Blameless

Then the other administrators and princes began searching for some fault in the way Daniel was handling his affairs, but they couldn’t find anything to criticize. He was faithful and honest and always responsible. So they concluded, “Our only chance of finding grounds for accusing Daniel will be in connection with the requirements of his religion.”

Daniel 6:4-5 (NLT)

Here is a man with wisdom and knowledge. This wisdom and knowledge has gained him great influence. Because of his influence, the other leaders become jealous and seek to find a way to destroy the man. Yet they cannot seem to find a way because the man in blameless. With no other options, they manufacture a way to catch him and have him arrested and killed.

Are we still talking about Daniel here?

A very similar story is repeated in the Gospels with the account leading up to Jesus’ arrest. Daniel’s story sounds a lot like the one that would play out centuries later.

So what’s the deal with these leaders who can’t stand to have a blameless person in their midst? The answer is right there—blameless. Daniel was able to accomplish more than all of the other advisors and princes were able to—without cheating or lying. He put them to shame because of his integrity. A worldly way of thinking just can’t handle the way of the blameless.

Read the news. Christians are still experiencing similar persecution. When the world doesn’t understand the way we live, they feel as though they must quash it. I believe it is because of their own shame that they do so. When Christians stand firm in their faith, it sends a message to a world that stands for nothing. And, to those who stand for nothing, it renders their existence meaningless. Can you imagine living a life void of meaning?

As Christians, our lives are full of meaning and purpose and we should do all that we can to live both of those to their fullest potential.
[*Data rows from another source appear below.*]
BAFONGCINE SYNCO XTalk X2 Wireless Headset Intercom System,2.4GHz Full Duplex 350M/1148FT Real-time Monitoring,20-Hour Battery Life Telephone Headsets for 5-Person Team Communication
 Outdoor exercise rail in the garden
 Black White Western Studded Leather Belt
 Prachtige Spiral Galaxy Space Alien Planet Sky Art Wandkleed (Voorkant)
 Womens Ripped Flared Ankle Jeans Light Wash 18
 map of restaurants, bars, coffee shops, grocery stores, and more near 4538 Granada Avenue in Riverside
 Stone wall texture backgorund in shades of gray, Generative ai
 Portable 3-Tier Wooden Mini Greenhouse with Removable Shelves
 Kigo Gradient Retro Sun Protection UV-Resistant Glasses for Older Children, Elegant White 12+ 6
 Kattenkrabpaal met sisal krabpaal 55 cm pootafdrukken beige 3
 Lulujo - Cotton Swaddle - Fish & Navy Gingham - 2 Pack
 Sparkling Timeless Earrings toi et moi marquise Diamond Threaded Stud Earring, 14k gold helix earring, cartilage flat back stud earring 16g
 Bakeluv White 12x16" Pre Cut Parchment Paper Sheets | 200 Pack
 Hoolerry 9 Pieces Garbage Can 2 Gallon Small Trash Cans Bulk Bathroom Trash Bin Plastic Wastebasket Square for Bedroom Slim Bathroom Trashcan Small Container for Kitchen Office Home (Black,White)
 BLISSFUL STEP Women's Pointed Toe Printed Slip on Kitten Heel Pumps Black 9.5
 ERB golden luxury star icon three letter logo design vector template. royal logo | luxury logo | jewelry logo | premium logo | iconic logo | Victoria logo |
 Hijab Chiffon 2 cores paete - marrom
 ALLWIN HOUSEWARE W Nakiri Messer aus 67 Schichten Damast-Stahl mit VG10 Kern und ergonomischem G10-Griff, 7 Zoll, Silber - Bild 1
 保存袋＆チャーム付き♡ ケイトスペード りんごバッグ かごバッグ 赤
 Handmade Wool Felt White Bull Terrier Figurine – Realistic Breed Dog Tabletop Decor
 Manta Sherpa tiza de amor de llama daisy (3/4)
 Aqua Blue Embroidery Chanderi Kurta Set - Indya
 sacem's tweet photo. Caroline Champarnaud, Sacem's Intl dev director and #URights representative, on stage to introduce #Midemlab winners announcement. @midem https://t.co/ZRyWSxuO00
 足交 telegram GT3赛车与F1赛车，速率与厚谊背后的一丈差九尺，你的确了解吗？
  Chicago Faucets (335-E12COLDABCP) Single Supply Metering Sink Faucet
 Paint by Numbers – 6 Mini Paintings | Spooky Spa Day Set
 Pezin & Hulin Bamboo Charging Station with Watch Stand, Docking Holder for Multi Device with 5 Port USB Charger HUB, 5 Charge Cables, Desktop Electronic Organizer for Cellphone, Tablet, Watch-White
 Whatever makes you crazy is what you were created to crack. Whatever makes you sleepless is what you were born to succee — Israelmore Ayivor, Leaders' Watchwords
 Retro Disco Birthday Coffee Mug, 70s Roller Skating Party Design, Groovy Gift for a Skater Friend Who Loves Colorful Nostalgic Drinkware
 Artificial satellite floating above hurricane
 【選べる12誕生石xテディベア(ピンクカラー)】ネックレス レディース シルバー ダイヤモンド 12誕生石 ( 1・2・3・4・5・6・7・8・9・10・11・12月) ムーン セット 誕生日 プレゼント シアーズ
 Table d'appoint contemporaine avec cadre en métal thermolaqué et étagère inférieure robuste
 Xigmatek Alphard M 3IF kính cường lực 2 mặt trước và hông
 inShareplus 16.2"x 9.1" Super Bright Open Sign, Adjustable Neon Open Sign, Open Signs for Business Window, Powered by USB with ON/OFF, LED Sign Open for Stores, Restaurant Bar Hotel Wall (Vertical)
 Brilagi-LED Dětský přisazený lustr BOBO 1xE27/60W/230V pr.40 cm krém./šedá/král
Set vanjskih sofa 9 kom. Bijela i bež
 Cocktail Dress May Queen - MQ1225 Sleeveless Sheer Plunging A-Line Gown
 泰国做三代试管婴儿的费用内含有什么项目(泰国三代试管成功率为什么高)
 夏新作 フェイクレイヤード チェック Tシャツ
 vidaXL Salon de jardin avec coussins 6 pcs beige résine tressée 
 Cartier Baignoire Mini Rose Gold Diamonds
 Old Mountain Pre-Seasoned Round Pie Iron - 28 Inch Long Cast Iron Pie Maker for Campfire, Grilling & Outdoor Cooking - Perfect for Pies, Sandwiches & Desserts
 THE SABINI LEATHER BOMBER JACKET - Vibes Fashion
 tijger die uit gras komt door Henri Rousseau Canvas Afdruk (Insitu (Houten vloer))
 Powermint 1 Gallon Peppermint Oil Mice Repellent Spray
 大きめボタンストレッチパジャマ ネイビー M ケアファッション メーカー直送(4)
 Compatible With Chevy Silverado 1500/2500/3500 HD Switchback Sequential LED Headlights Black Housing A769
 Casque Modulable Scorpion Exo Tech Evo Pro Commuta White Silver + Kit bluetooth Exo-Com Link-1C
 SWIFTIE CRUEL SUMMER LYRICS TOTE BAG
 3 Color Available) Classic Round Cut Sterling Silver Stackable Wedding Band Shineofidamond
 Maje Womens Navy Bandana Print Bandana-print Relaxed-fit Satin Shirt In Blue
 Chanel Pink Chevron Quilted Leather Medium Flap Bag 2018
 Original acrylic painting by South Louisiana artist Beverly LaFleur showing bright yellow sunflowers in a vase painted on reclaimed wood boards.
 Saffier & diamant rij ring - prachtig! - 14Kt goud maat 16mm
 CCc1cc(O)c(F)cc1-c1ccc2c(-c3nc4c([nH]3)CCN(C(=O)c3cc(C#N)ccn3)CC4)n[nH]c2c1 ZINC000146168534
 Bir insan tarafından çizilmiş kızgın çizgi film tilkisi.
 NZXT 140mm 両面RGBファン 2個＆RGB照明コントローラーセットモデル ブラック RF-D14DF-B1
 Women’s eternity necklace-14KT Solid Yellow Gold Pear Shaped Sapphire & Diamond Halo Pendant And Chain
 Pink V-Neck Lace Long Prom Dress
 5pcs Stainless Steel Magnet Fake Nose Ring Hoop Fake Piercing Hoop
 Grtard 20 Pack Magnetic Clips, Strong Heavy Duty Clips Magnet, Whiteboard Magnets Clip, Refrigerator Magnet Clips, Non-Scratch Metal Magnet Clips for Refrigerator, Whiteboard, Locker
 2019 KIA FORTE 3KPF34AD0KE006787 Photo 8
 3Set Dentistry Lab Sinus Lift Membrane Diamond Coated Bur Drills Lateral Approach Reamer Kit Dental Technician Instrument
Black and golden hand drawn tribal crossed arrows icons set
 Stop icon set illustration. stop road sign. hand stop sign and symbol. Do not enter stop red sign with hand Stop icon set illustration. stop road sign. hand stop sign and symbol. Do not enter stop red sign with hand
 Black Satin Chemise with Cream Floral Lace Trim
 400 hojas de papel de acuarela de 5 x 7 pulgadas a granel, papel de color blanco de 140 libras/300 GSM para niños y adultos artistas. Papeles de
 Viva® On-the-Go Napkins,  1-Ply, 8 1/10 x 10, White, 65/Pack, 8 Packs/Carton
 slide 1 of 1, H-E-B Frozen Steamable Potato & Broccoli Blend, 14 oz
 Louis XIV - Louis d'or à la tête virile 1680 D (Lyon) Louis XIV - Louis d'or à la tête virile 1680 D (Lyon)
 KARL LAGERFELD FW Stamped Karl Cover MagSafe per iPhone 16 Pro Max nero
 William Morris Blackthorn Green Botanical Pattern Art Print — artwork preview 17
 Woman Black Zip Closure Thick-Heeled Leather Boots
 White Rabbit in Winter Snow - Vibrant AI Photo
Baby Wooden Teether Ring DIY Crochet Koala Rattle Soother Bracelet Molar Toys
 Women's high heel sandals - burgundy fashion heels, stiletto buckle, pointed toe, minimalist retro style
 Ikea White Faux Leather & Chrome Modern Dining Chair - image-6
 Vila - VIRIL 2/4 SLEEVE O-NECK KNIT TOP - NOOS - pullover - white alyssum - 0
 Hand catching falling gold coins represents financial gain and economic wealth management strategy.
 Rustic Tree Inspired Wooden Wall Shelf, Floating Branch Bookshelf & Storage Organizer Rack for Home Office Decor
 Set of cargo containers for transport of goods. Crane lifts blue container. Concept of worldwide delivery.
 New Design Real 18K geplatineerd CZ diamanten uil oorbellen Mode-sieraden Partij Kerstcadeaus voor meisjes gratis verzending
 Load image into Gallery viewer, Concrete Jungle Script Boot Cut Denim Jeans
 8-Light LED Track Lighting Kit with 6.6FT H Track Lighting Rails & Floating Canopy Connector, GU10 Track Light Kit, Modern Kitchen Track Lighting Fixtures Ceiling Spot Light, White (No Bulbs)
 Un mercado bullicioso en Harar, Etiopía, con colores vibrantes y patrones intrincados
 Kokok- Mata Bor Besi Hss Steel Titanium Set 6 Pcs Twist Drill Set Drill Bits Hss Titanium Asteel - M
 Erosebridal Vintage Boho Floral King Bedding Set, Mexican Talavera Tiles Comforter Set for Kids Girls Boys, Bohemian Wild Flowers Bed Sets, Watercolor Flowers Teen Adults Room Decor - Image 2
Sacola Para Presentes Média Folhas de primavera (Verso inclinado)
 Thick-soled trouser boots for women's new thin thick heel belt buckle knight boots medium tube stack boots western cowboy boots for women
If is for the glory of God, when those who profess religion, conduct themselves so that their most watchful enemies may find no occasion for blaming them, save only in the matters of their God, in which they walk according to their consciences.

Matthew Henry

Paul tells us to find joy in trials of every kind because they make us stronger and build our faith. Daniel, after enduring a night with the lions was given even greater power than he had before. While I cannot guarantee that you’ll end up the third most powerful person in the country, I can guarantee that, when you stand before the Lord having held firm in your faith, you will hear, “Well done, my good and faithful servant.”

Daily Bible reading: Daniel 5-6, 1 John 4

Continually

Have you ever mentioned a problem to an unbeliever and they look at you aghast as though you, a Christian, should be living a life free of trouble, pain, and/or difficulty? It is a sadly common misconception that Christians can and should live completely perfect lives.

Be to me a rock of refuge,
to which I may continually come.

Psalm 71:3 (ESV)

Note that David doesn’t say that he stays at the rock of refuge, but that he continually comes to it. Again and again. He didn’t run to the rock once and then everything was good from there. If you’ve read through David’s history, you know that he was plagued with trouble, both of his own making and of those conspiring against him.

But I will hope continually
and will praise you yet more and more.

Psalm 71:14 (ESV)

If God only saved you once, how much would you praise Him? If He saves you again and again, how much more will you praise Him?

You who have made me see many troubles and calamities
will revive me again;
from the depths of the earth
you will bring me up again.
You will increase my greatness
and comfort me again.

Psalm 71:20-21

Again and again and again. David saw more trials and tribulations than any one man should, yet God saw fit to bring Jesus out of David’s lineage. If believers were meant to live perfect lives, don’t you think God would have done something for David? Instead, David’s faith was continually increased and each time trials came, he turned to God. God gave him increase in every area of his life.

The issue is not whether or not we will experience difficulties, but rather what we do when they come. Do we wallow in self pity or stand up and proclaim that God is greater than our circumstance and He is always well-able to see us through?

Daily Bible reading: Psalm 70-72; Romans 4

Joy!

Count it all joy, my brothers, when you meet trials of various kinds.

James 1:2 (ESV)

Joy? Really? I’m supposed to have joy in trials?

I will readily admit that joy is not usually my go-to response to a difficult situation.

But what is joy? Joy is not equal to happy. Let’s set that one straight.

HAPPY: lucky, fortunate, successful, prosperous, having secure possession of good.

So if joy isn’t happy, what is it?

JOY: a delight of the mind, from the consideration of the present or assured approaching possession of good. To rejoice; to be glad; to exult.

In Acts, Paul and Barnabas stirred up a bit of a ruckus. They had spent several weeks preaching the Good News of Jesus and people were responding. Of course, the leaders of the city would have none of this and they stirred up people against the boys. Paul and Barnabas left the city, shook the dust off their feet and moved on.

And the disciples were filled with joy and with the Holy Spirit.

Acts 13:52 (ESV)

Were they happy that they got kicked out of a city where the population was responding to their message? I doubt it. Yet they still had joy because they still had a purpose and they still had the Holy Spirit. The leaders in the city couldn’t take that away.